A 44 year old man was admitted with a history of intermittent jaundice and rigors. Three months previously he had been admitted to another hospital with similar symptoms and half a stone (3.2 kg) weight loss. At this time his problems were thought to be secondary to choledocholithiasis. At operation, gallstones were seen in the common bile duct with an associated lower common bile duct stricture. He underwent cholecystectomy and choledochoduodenostomy. The symptoms initially resolved postoperatively but subsequently recurred on an intermittent basis. He was transferred to our hospital for further management of his problems.
He had a 28 year history of ulcerative colitis, based on barium enema, which had remained quiescent for many years on salazopyrin maintenance treatment. His past medical history included segmental bronchiectasis secondary to childhood whooping cough. He was a life long non-smoker and did not drink alcohol.
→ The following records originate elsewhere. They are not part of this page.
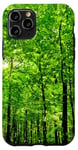 Coque pour iPhone 11 Pro Vert Pluie Forêt Jungle Nature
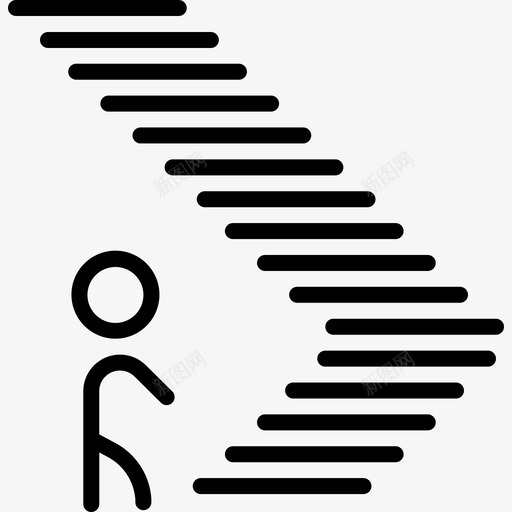 台阶攀爬脚步图标svg_新图网 https://ixintu.com 台阶 攀爬 空间 脚步 行走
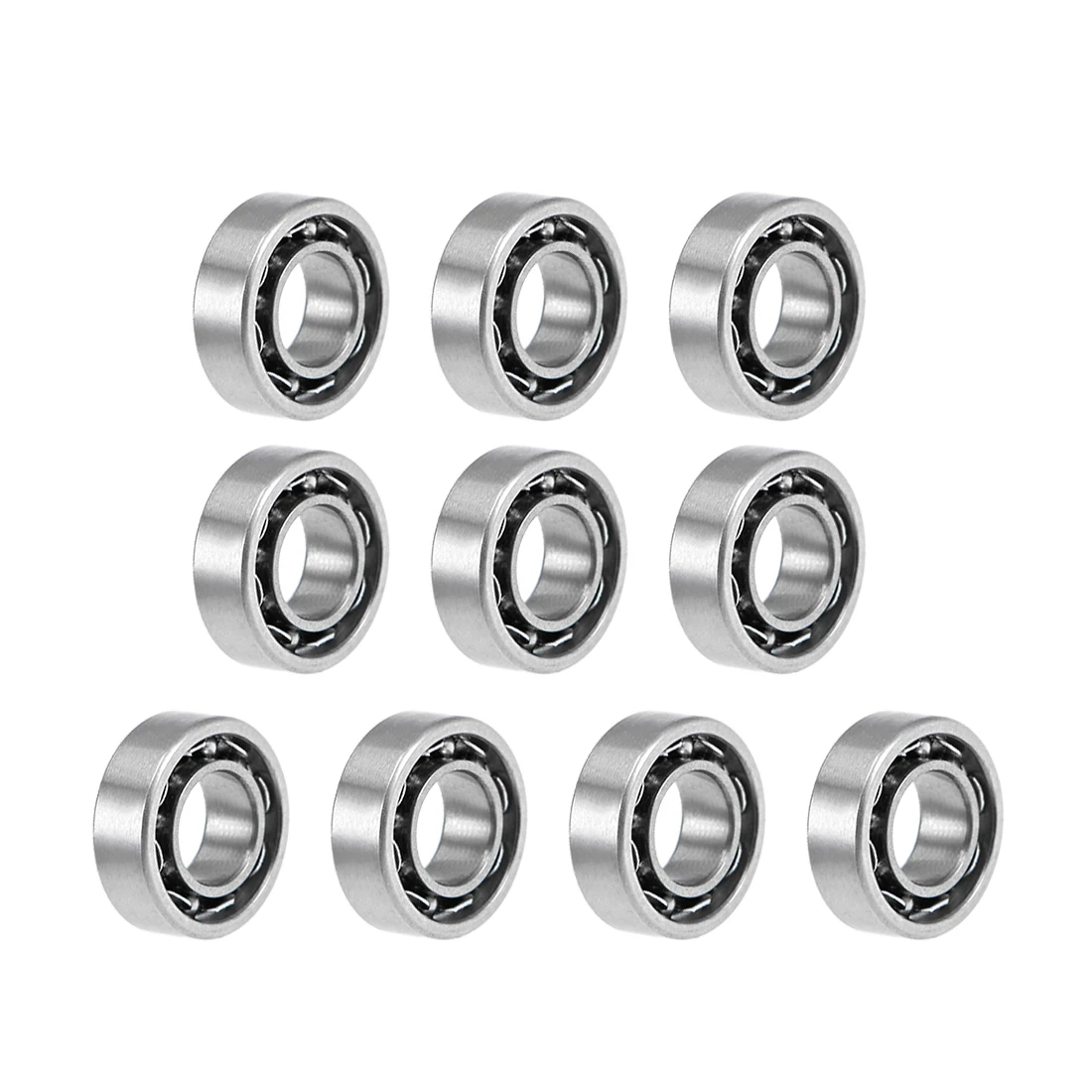 

uxcell 10pcs MR63K Ball Bearings Z2 3x6x2mm Open Type Chrome Steel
He was jaundiced but apart from a right Dupytren's contracture and his cholecystectomy scar, clinical examination was normal.
His liver function tests were abnormal. Serum alkaline phosphatase was 1020 IU/l, aspartate transaminase 128 IU/l, total bilirubin 113 μmol/l. Serum albumin was 33 g/l and the international normalised ratio mildly raised at 1.3. His full blood count and urea and electrolytes were normal. He was started on antibiotics for possible ascending cholangitis. An abdominal ultrasound confirmed gas in the biliary tree consistent with his previous surgery, but there was no evidence of duct dilatation or recurrent stones in the common bile duct. Endoscopic retrograde cholangiopancreatography was attempted. The common bile duct and common hepatic duct were of small calibre but the intrahepatic ducts were not seen, most of the contrast emptying via the choledochoduodenostomy. A percutaneous transhepatic cholangiogram (PTC) was performed (fig 1).
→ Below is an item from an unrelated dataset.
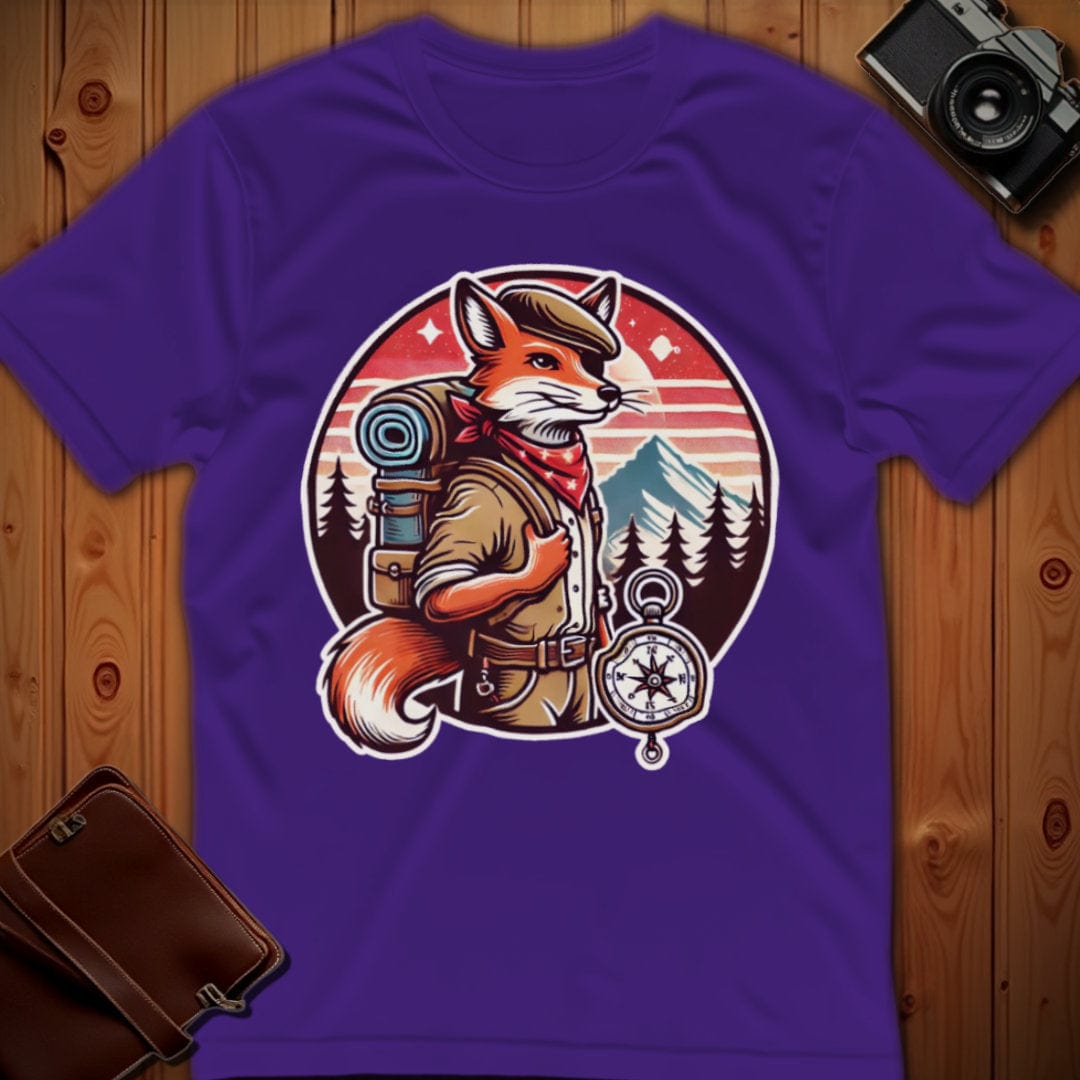 Fox Tee – Adventurous Fox– Bold Vibrant Art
His symptoms settled on cephadrine and he was discharged. He was followed up in the outpatient clinic and remained reasonably well apart from suffering episodic attacks of jaundice and rigors, which responded quickly to courses of antibiotics. Twelve months after admission his albumin and bilirubin were normal and his alkaline phosphatase and aspartate transaminase were stable at 561 IU/l and 151 IU/l respectively. In view of his longstanding pancolitis surveillance colonoscopy was offered but at this time he declined any further investigation of the colon.
The pattern of intermittent jaundice and rigors continued, although between these episodes he remained well. Five years after his initial presentation he agreed to colonoscopic surveillance. Four pedunculated polyps, each between 1 and 2 cm in size, were removed from the mid-ascending and descending colon. Histological review of these specimens revealed low grade dysplasia. His liver function over this period had deteriorated (table 1).
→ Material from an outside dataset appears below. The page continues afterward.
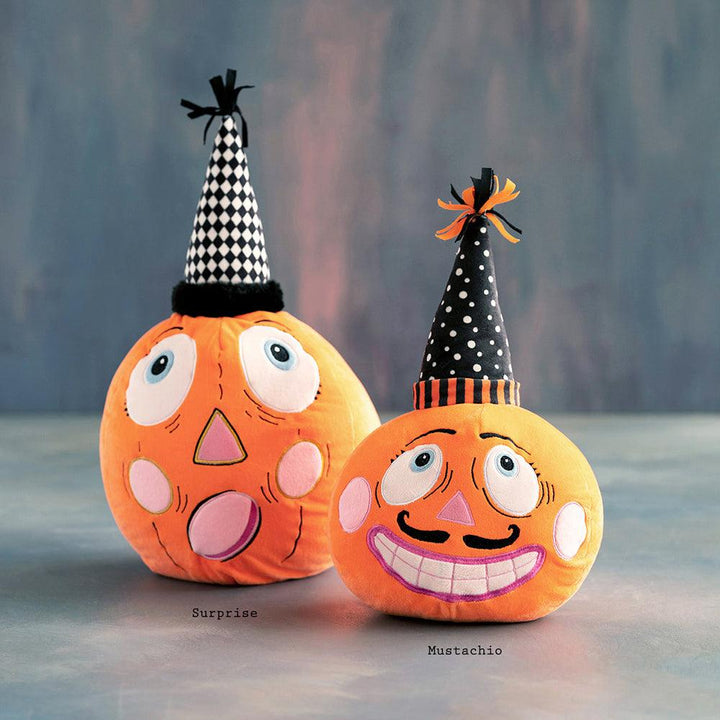 Mustachio & Surprise Pumpkin Plush by GlitterVille - Quirks!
The prothrombin time was prolonged at 17.3 seconds. Full blood count, urea, electrolytes, and glucose were normal. Repeat abdominal ultrasound showed a complex cystic lesion in the left lobe of the liver, freeintraperitoneal fluid, and marked splenic enlargement. Computed tomography confirmed the cystic abnormality in the left lobe to be in continuity with the left main hepatic duct. The appearance of the liver suggested macronodular cirrhosis with associated portal hypertension. Hydatid serology was negative and serum tumour markers (α-fetoprotein, CA 19–9) were normal. His liver function tests had worsened despite there being no clinical evidence of ongoing sepsis (table 1).
- What does the PTC (fig 1) show and given the history of ulcerative colitis what is the most likely diagnosis?
- What is the connection between this hepatological diagnosis and the findings of dysplasia at colonoscopy?
- Given the deteriorating liver function tests, computed tomography findings, and colonoscopic changes how would you manage this case?